Excerpts from a dataset
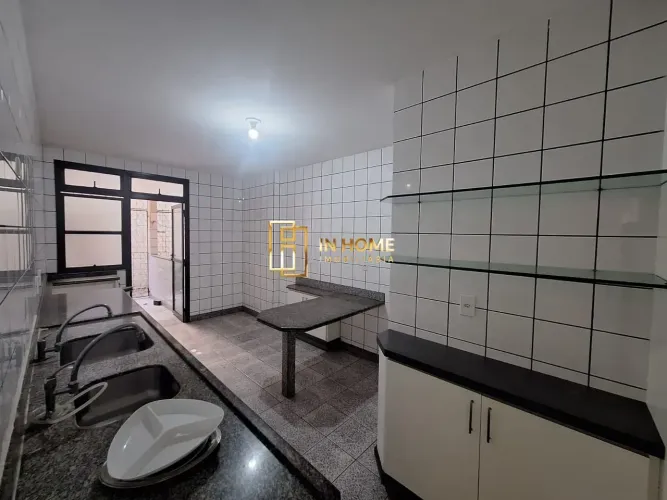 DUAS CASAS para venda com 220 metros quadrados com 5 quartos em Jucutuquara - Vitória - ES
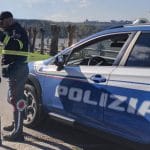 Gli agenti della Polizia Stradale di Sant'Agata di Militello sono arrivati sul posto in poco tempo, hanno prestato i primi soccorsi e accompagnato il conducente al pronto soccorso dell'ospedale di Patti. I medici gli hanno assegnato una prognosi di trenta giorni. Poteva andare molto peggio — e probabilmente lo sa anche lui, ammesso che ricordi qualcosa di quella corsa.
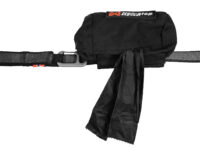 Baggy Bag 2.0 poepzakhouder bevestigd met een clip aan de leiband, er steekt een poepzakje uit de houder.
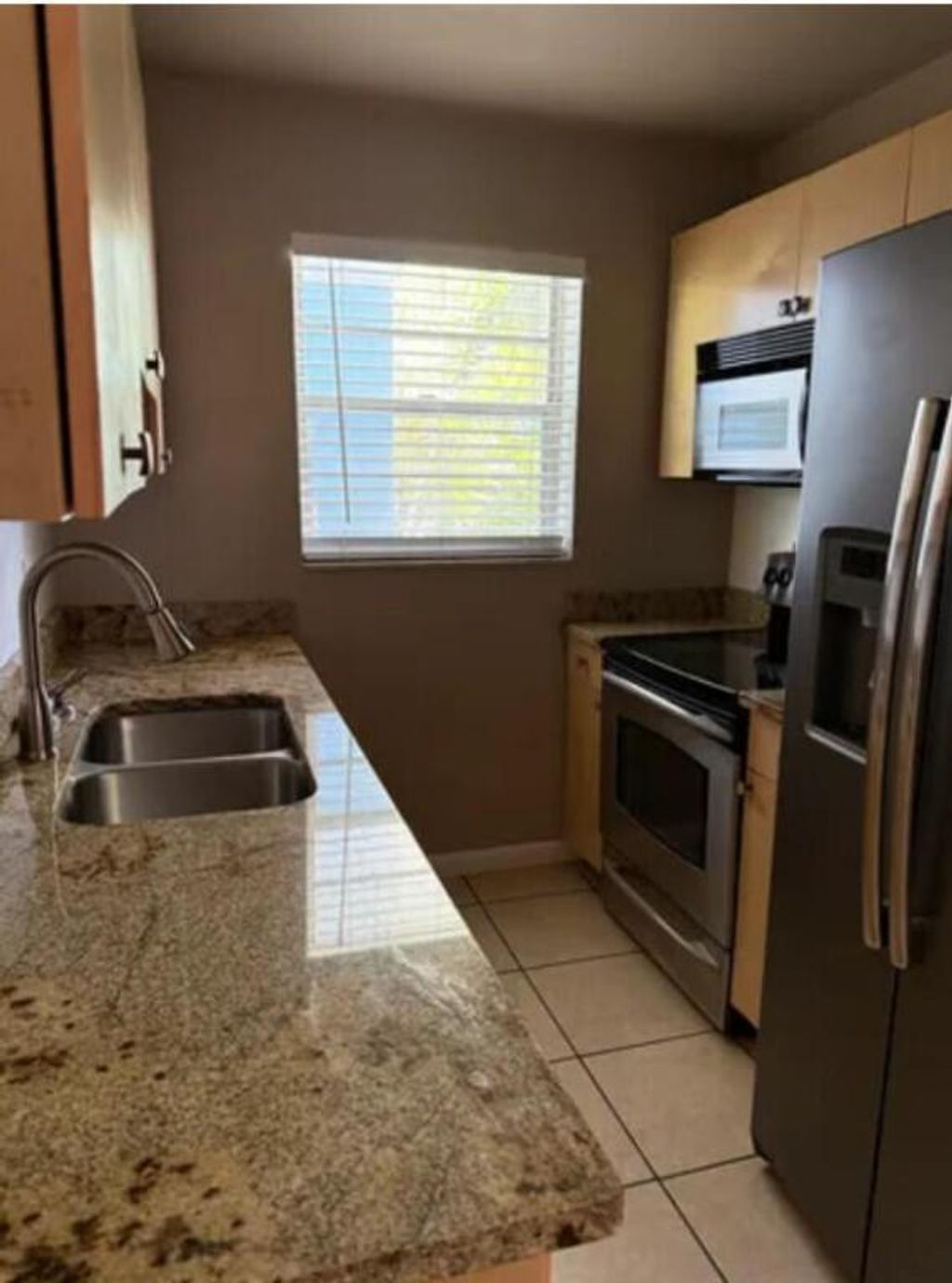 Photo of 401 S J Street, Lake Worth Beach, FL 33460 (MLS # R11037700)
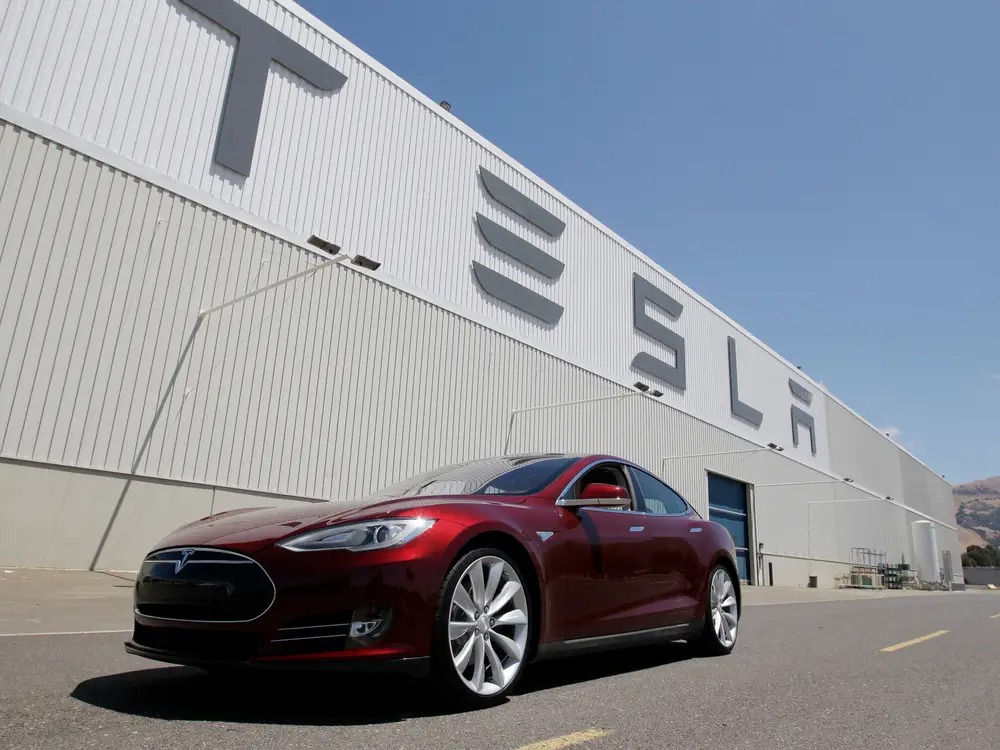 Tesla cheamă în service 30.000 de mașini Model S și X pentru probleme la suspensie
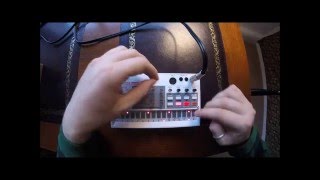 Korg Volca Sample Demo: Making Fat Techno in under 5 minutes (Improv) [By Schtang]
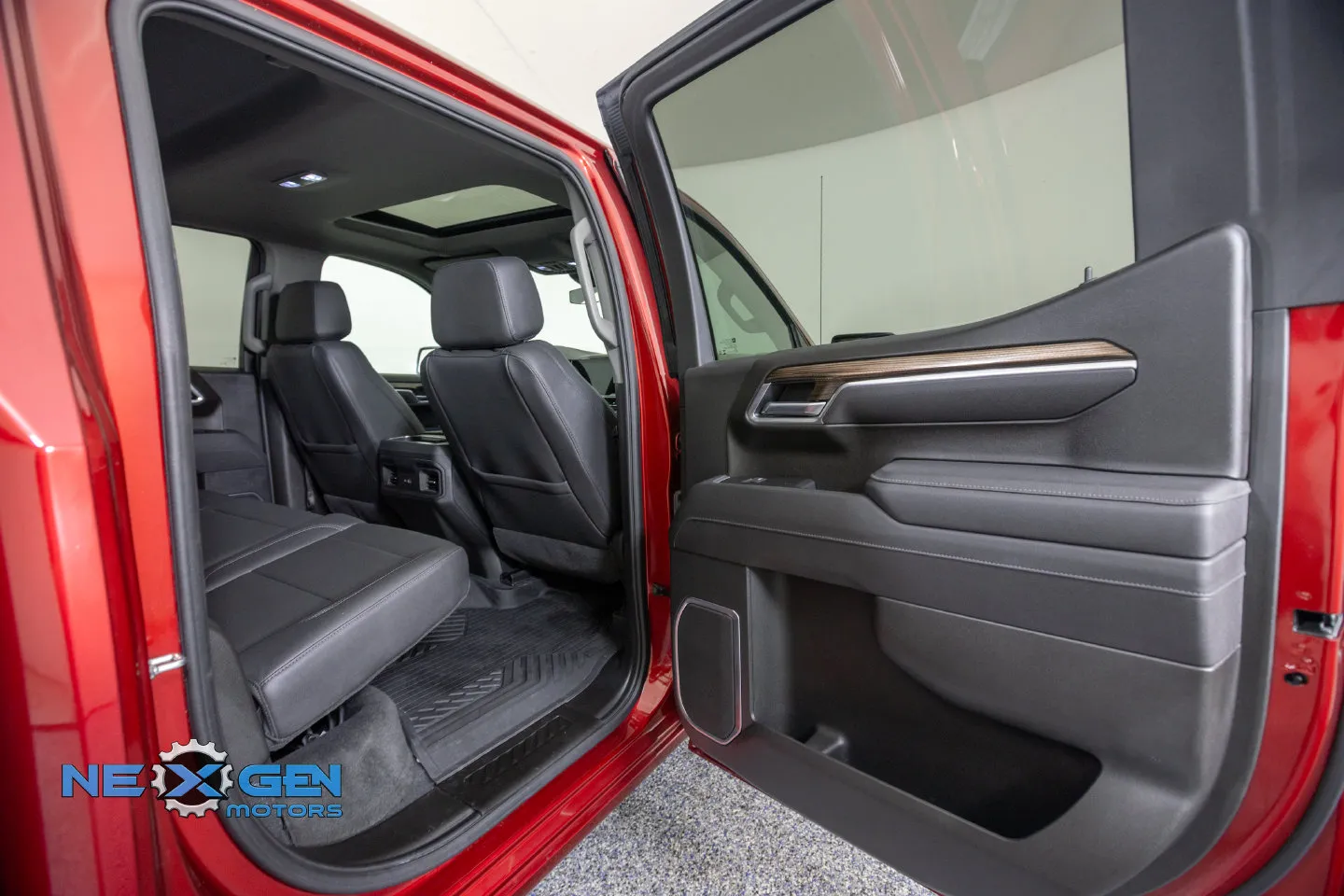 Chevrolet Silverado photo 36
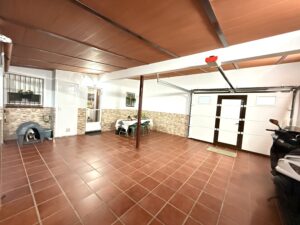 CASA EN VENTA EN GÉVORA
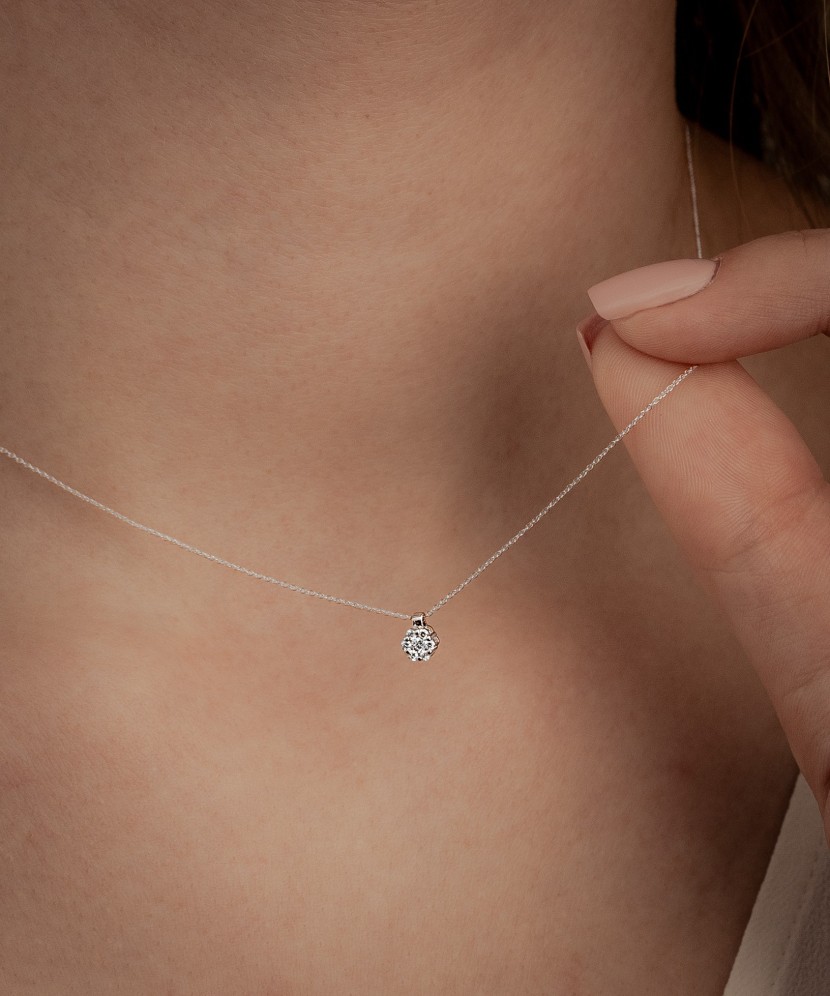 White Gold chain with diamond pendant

WORK TO COMPLETE: Your answer must be the records above, word for word, with every picture left out.

EXERCISE RESULT:
 DUAS CASAS para venda com 220 metros quadrados com 5 quartos em Jucutuquara - Vitória - ES
 Gli agenti della Polizia Stradale di Sant'Agata di Militello sono arrivati sul posto in poco tempo, hanno prestato i primi soccorsi e accompagnato il conducente al pronto soccorso dell'ospedale di Patti. I medici gli hanno assegnato una prognosi di trenta giorni. Poteva andare molto peggio — e probabilmente lo sa anche lui, ammesso che ricordi qualcosa di quella corsa.
 Baggy Bag 2.0 poepzakhouder bevestigd met een clip aan de leiband, er steekt een poepzakje uit de houder.
 Photo of 401 S J Street, Lake Worth Beach, FL 33460 (MLS # R11037700)
 Tesla cheamă în service 30.000 de mașini Model S și X pentru probleme la suspensie
 Korg Volca Sample Demo: Making Fat Techno in under 5 minutes (Improv) [By Schtang]
 Chevrolet Silverado photo 36
 CASA EN VENTA EN GÉVORA
 White Gold chain with diamond pendant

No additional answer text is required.